October 01, 2003

19th Century Chess in DC

Talking Points Memo has an interview with Wesley Clark. Guess Clark sees the Bushco as a 19th Century flashback of sorts as well:

CLARK: But, in the odd kind of geopolitical chess board game this administration seemed to want to play, they seemed to assume that you could get your forces into Iraq, and, like a game of checkers, you could skip across the Middle East--plop, plop, plop--as though in some metaphysical sense, it was easier to come ashore up through the Euphrates and Tigris valleys into the heart of the Middle East and southwest Asia, and then cross into the mountains of Iraq--excuse me, of Iran--or pivot and go towards Syria. It was analytically, geometrically satisfying, even though those of us who understood the situation at the time said it made little sense. It was old-think. It was 19th century geostrategy--

TPM: So, the Great Game? A sort of a new version of the Great Game?

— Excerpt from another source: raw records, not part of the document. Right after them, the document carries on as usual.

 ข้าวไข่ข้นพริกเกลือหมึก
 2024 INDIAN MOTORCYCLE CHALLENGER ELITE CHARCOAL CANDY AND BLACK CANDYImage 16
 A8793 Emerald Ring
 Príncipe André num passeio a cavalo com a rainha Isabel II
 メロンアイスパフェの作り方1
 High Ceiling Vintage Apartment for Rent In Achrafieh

CLARK: It was the Great Game with modern equipment, and hypermodern risks. And, in reality, the problems with Osama bin Laden were not problems of states. They were problems of a supranational organization which alighted in states, used states, manipulated elements of states, but wasn't going to be contained and destroyed by attacking and replacing governments.

Posted by Abe at October 1, 2003 03:04 PM

Comments

i've been a Wes Clark fan for several months now, and this interview really illustrates why. Forget about policy for second (even though it appears as if Clark hits homeruns on all the important policy issues that matter), I would be happy just to have a president who could, you know, appear articulate and intelligent- and Wes Clark nails it.

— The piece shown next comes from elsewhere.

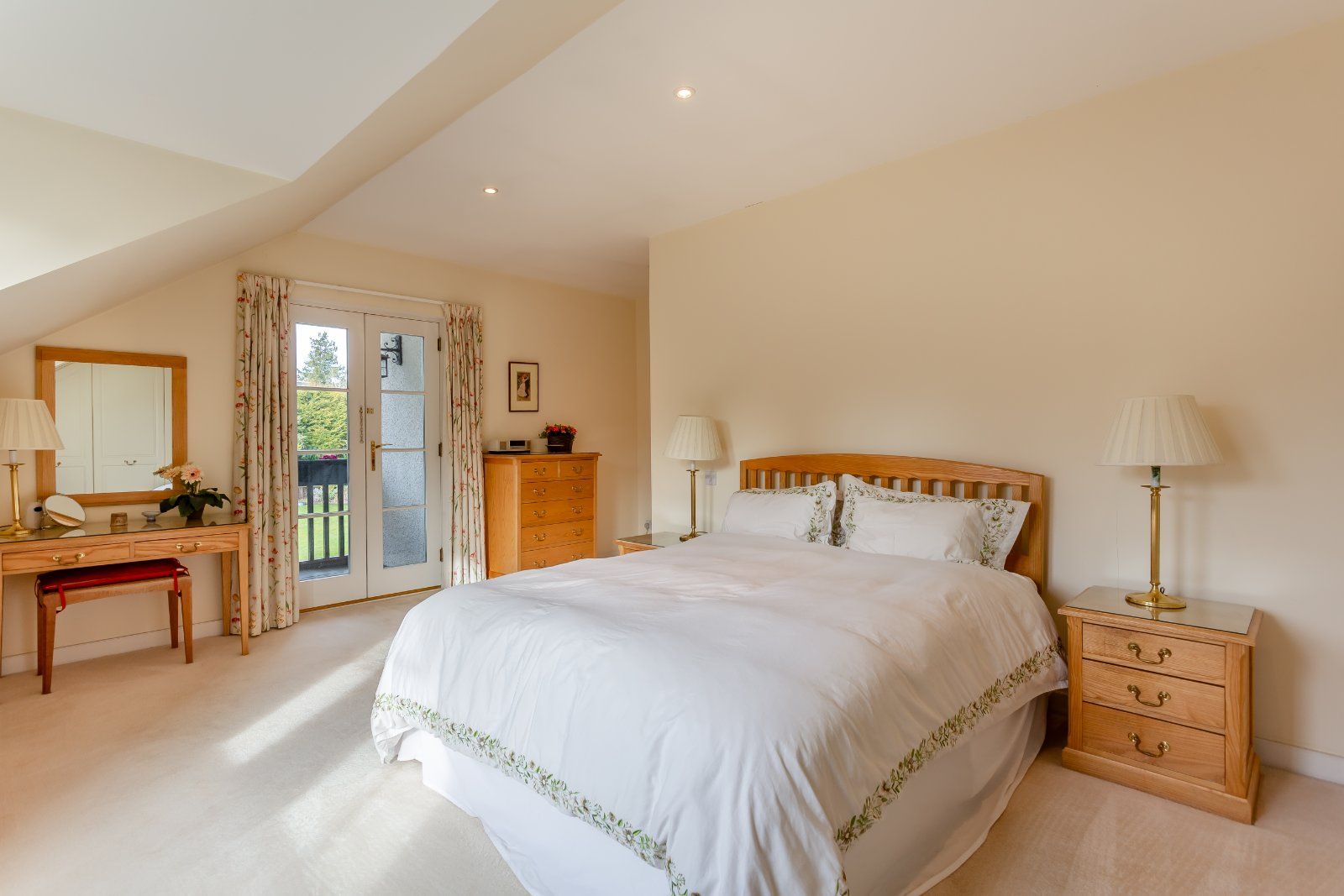 1a Mayfield Road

I hear you, but I must say this quote put me off a bit:

"I worked in the South Bronx in 1966 for three or four weeks in the neighborhood youth corps as part of the Johnson administration's anti-poverty program. So I had seen urban poverty."

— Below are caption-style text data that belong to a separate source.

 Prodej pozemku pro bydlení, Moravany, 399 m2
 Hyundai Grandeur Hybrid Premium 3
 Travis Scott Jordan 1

Not a totally damning statement, but it sounds an awful lot like he thinks those 3-4 weeks gave him some great insight. Shit they are better then no weeks for sure, but really...

yeah, that's definately not the quote I would pick to put on the back of the book, but...

when i look at alot of the complicated shit going on, both domestically and abroad- i WANT a brilliant ivy league grade golden boy sorting things out.He managed to actaully lead an international coaltion to *capture* the bad guy they were after AND he's a scholar that can teach economics? game on. :)

no doubt he's pretty impressive in some ways. I'm still taking a wait and see attitude on the candidates.

this is patched together from biographical entries on clark: graduated west point 1966 started rhodes scholar program August 1966.

So we can guess he graduated in May or June which means half his summer was spent in the South Bronx. Note also, he's 20 at this point (b 23 December 1945).

It's obvious from this action that he's a) aware of things going on around him as well as b) displaying an affinty for an ideal put forth by a democratic president. yes it's only about month but shit, what'd we all do the first month out of college?

Ryan, I'm all for the fact that he spent that time in the South Bronx. Its a good thing. The issue is the attitude though. That was almost 40 years ago, and it was a month. And he wields it like its some special experience that he should be commended for, like it gives him some great insight. It was 40 years ago...

The most damning charge against him so far is that he's arrogant and alienates people because of it. If he keeps up the attitude that a couple weeks in Bronx gives him special insight into urban poverty then he'll lose the support of some of the most ardent democratic voters around. Not a good thing. Still a minor point in an impressive interview. He'd have a good chance of getting my vote if I was a Democrat and the election tomorrow...

Frist, my point is he's got his head/actions outside of places like westpoint, in a similar way that lieberman had with king and mississippi. if he was working as a counseler in the littel rock boys club during the late 50's and early 60's...this is while in high school and during college.

Point taken and i agree he shouldn't use wield this around as his connection to urban black america...you're right about impressions and demenour: arragoance/fake sympathy are visiable to all. it’d be annoying like “see I did that, I filled my required time and energy on that ‘problem’, I can check that off my list of things to cover”... but clark's dropped it in one interview, so far.

apart from arragoance, what else bothers you about clark, as a non-democrat?

"apart from arragoance, what else bothers you about clark, as a non-democrat?"

I'd like to know more about how he's gotten the rep as being hated by many in the army. Beyond that I really am just concerned with how little info there is about him. There is very little to judge how he'd actually act as a president.